The first mosque in the Outer Hebrides will open by summer after an online funding campaign passed its £50,000 funding target within just a few days of being launched.
Just over £55,000 had been raised by yesterday for the mosque in Stornoway, which had already been granted planning permission by Western Isles Council.
Aihtsham Rashid, 39, from Leeds, set up the Just Giving site to help the Muslim community on the Isle of Lewis, whose relatively small numbers were swollen recently by the arrival of six refugee families from Syria.
The mosque’s construction is strongly opposed by some hardline Presbyterians. The Free Church of Scotland (Continuing) urged its congregation to pray that “no mosque will ever appear in Stornoway” after the planning decision in August.
Mr Rashid, a builder, said that he had been contacted by the Syrian community asking for his help. He said: “Against all odds and opposition from the Free Church of Scotland they have now been granted permission to build.
“I have been personally requested to go up and help them with the build and planning due to my experience in building mosques.”
Mr Rashid said that construction was likely to take up to four months but he hoped to have secured the fabric of the building within a matter of weeks.

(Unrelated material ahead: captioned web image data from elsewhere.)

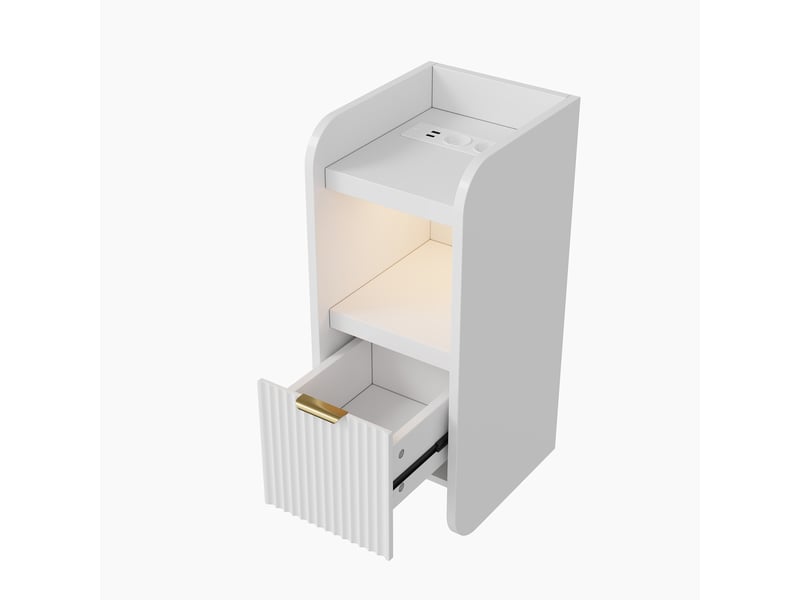  Lot de 2 tables de chevet blanches à 1 tiroir, design cannelé, bandeau led réglable, station de charge intégrée prises eu, table d’appoint multifonction pour chambre et salon  - Conforama W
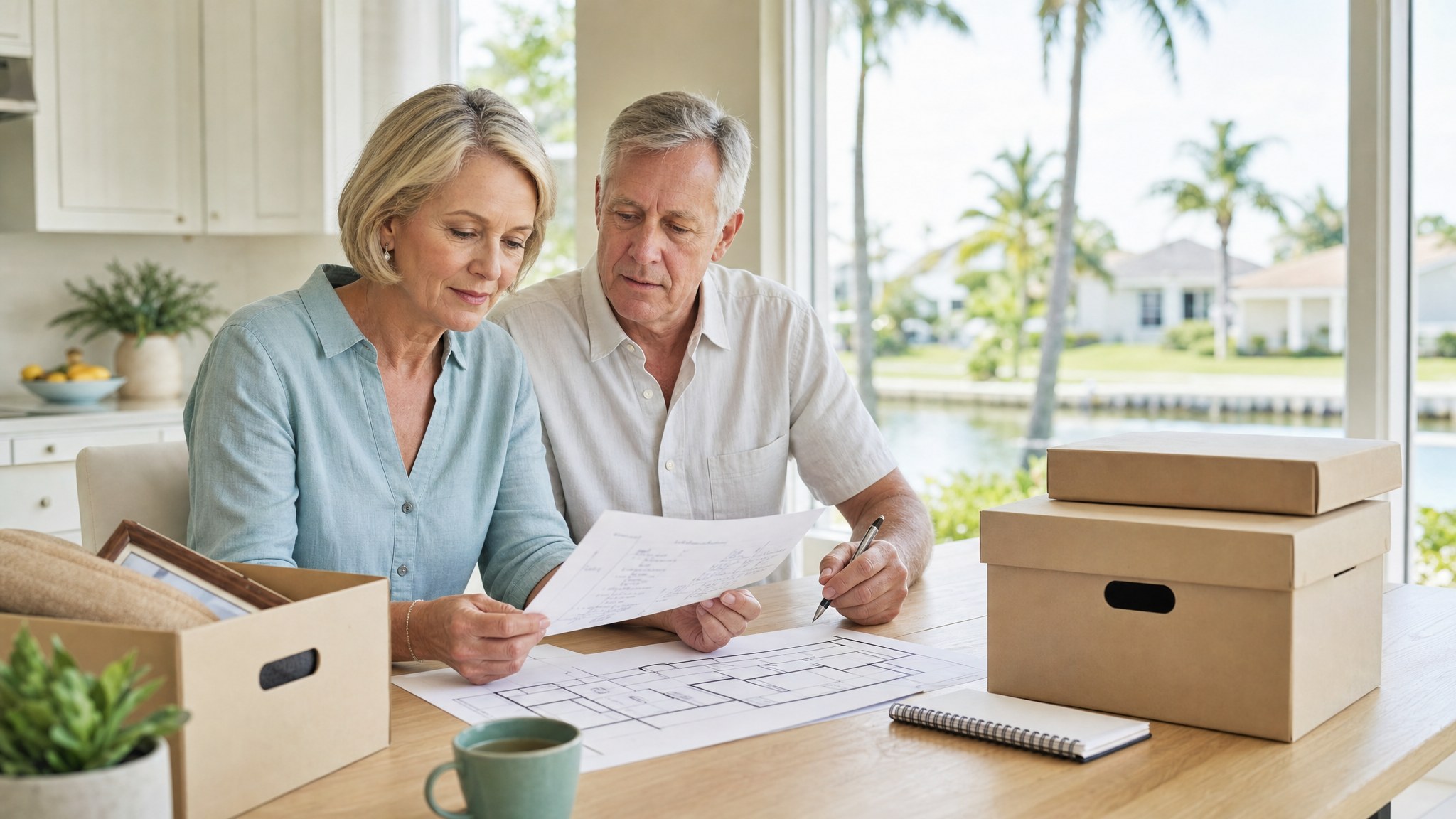 Older couple reviewing a moving plan and floor plan in a bright South Florida home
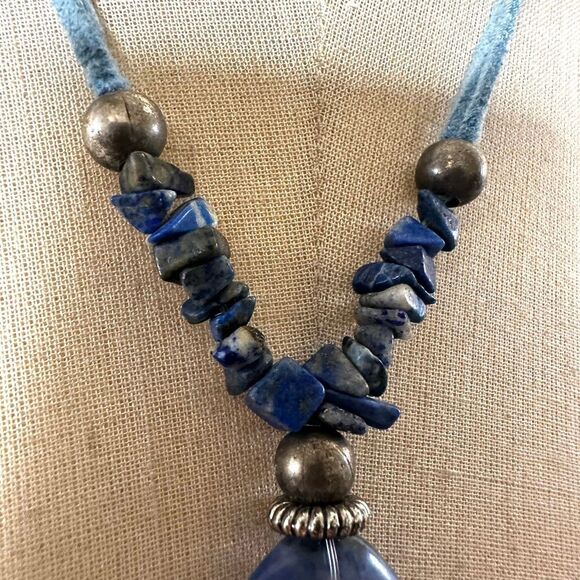 Artisan Blue Sodalite Pendant Necklace on Suede Cord - Picture 3 of 9
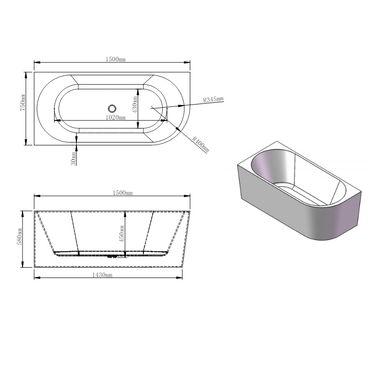 Marco | 1500 Left Corner Fit Freestanding Bath Tub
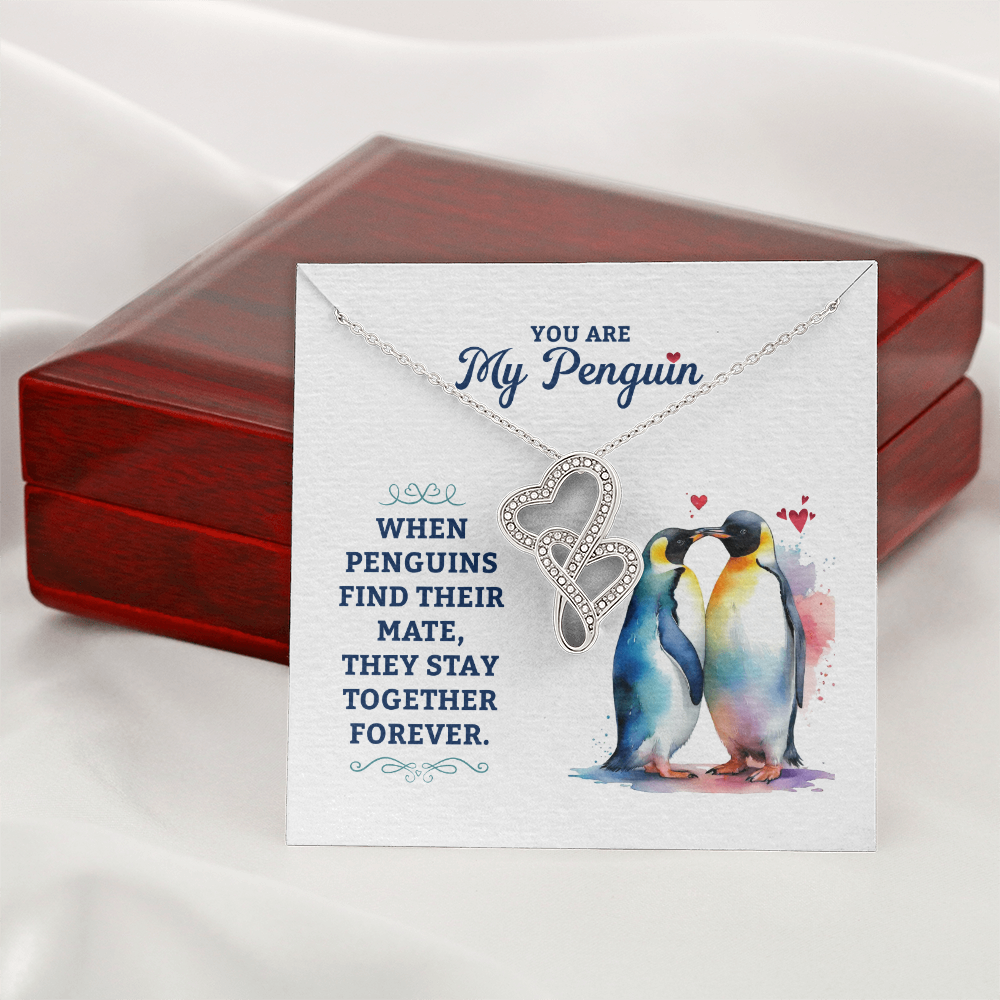 You Are My Penguin Necklace – Heart-to-Heart Pendant Gift for Wife, Girlfriend or Soulmate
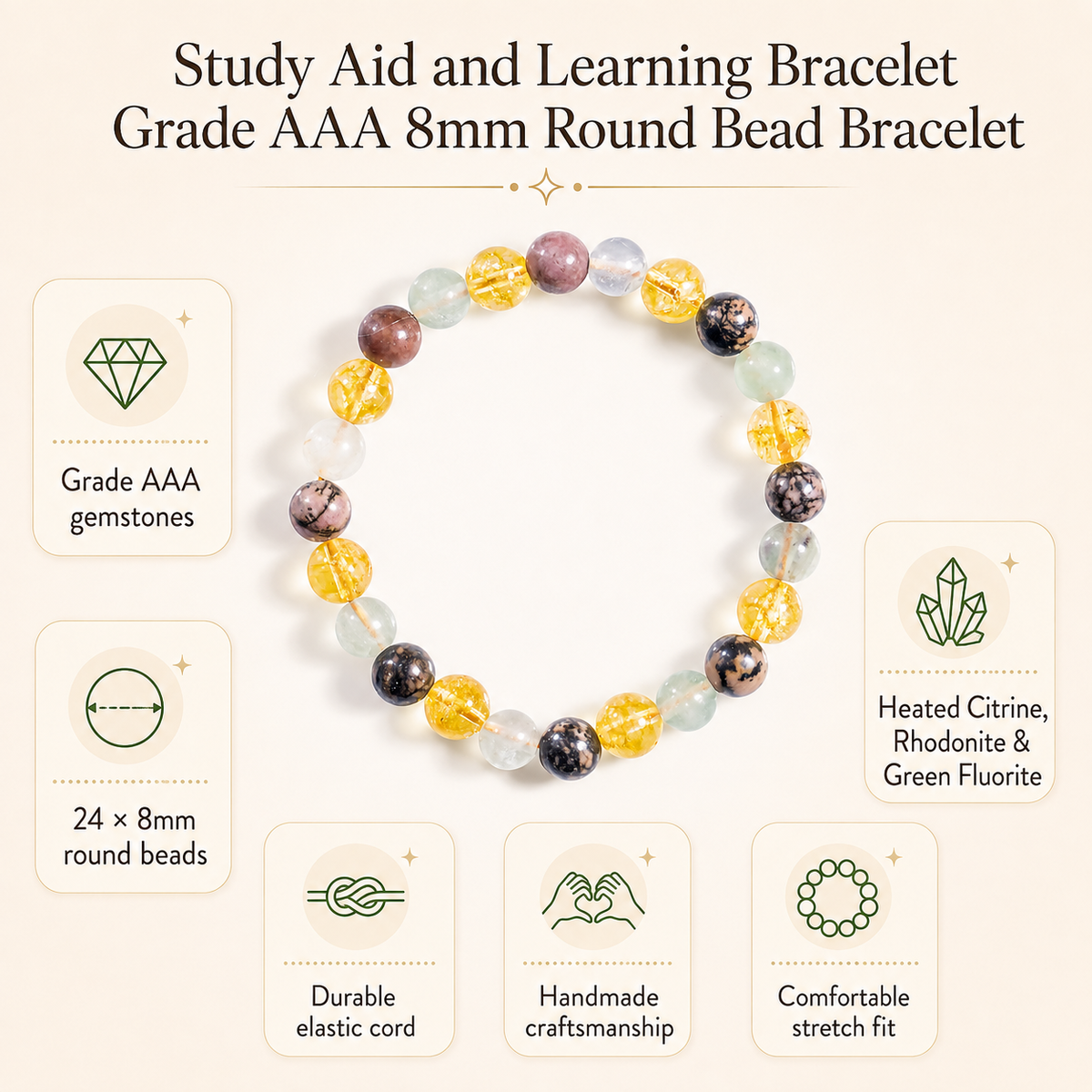 STUDY AID AND LEARNING Crystal Set, Crystal Healing Bracelet.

He added: “If we can get it watertight, we have electrics, it’s safe and we are weather proof there is no reason why there cannot be electrical heaters for the first Ramadan [May 15-June 14], to have a prayer here.
“Whether it is the first of Ramadan or the last of Ramadan, the 30th day or the first, inshallah [God willing], my target is to have a Ramadan prayer in here.”
The building, close to Stornoway harbour, was originally a house but has been empty for many years. The small mosque will comprise a prayer room with a meeting room across the hall.
The 2011 census records that as well as 20,452 Christians, there were 61 Muslims, 40 Buddhists, 37 Hindus, three Jews and a Sikh living in the Western Isles – another 97 people were of another religion, 5,014 said they had no religion and 1,979 did not state their religion.
Stornoway has a long established Muslim community.
And last year 18 more Syrian refugees arrived there. The four families bring to six, the number of families resettled in the town.
The council has no more plans to take any more refugees at this stage.